If the index size varies significantly, use the rollover index API to create a new index when certain index sizes are reached. Or, you can use the Index State Management (ISM) to create a new index for OpenSearch Service versions 7.1 and later. For more information about rolling an alias using ISM, see rollover on the Open Distro website.

Keep shard sizes between 10 GB to 50 GB for better performance

If you have a large class of instances, use the Petabyte scale for Amazon OpenSearch Service to determine shard sizes. For example, an OpenSearch Service domain with several i3.16xlarge.search instances can support shard sizes of up to 100 GB because there are more resources available. For more information about sharding strategy, see Choosing the number of shards.

Add more data nodes to your OpenSearch Service cluster

If your OpenSearch Service cluster has reached high disk usage levels, then add more data nodes to your cluster. The addition of data nodes also adds more resources to improve cluster performance.

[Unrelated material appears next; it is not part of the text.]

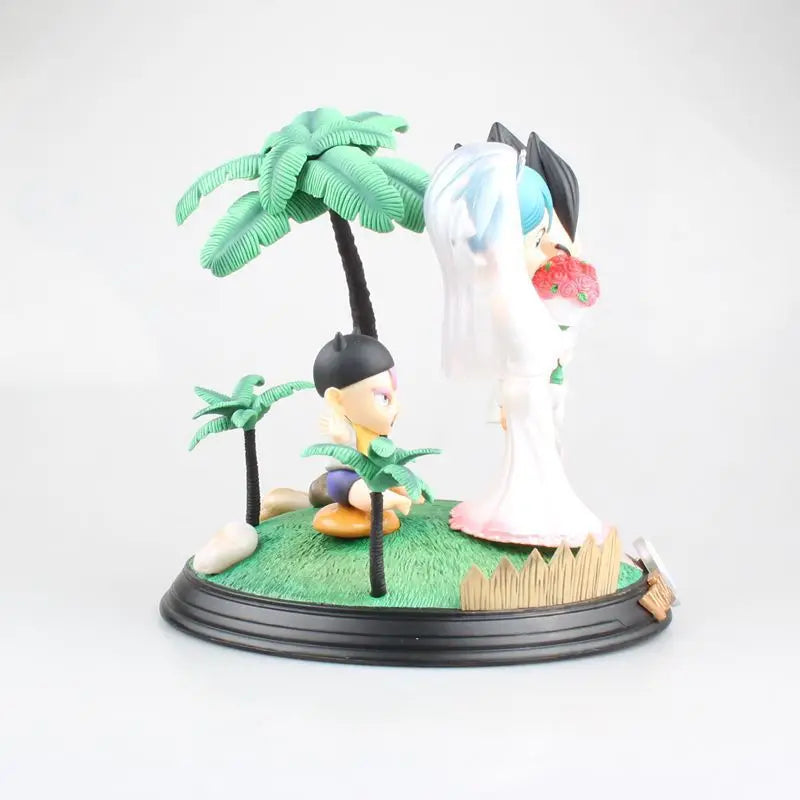 Dragon Ball Z Vegeta and Bulma Wedding w/baby Trunks statue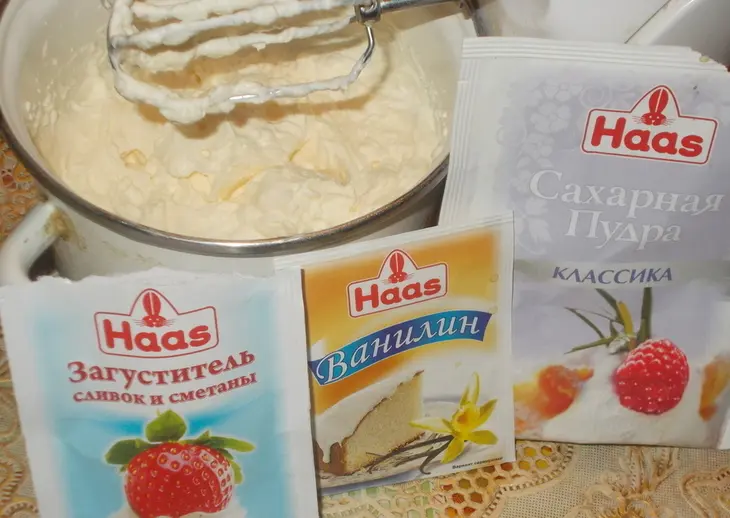 Вафельные пирожные с ягодами и сметанным кремом: шаг 4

Note: OpenSearch Service doesn't automatically rebalance the cluster if there's a lack of available storage space. As a result, if a data node runs out of free storage space, the cluster blocks any writes. For more information about disk space management, see How do I add storage space to an Amazon OpenSearch Service domain?

Update your sharding strategy

By default, OpenSearch Service has a sharding strategy of 5:1, where each index is divided into five primary shards. Within each index, each primary shard also has its own replica. OpenSearch Service automatically assigns primary shards and replica shards to separate data nodes, making sure that there's a backup in case of failure.

To modify OpenSearch Service default behavior, design your indices so that shards are distributed equally by size:

  • For existing indices, use the reindex API to change the number of primary shards. The _reindex API can be used to merge smaller indices into a bigger index, or it can be used to split up the bigger index. When the bigger index is split into more primary shards, the shard sizes are decreased.
  • For new indices, use the template API to define the number of primary and replica shards.

Then, update the indices settings for your shards. For more information, see Update indices settings on the Elasticsearch website.

Delete the old or unused indices to free up disk space

OpenSearch Service versions 7.1 and later support Index State Management. With ISM, you can define custom management policies so that old or unused indices are deleted after an established duration.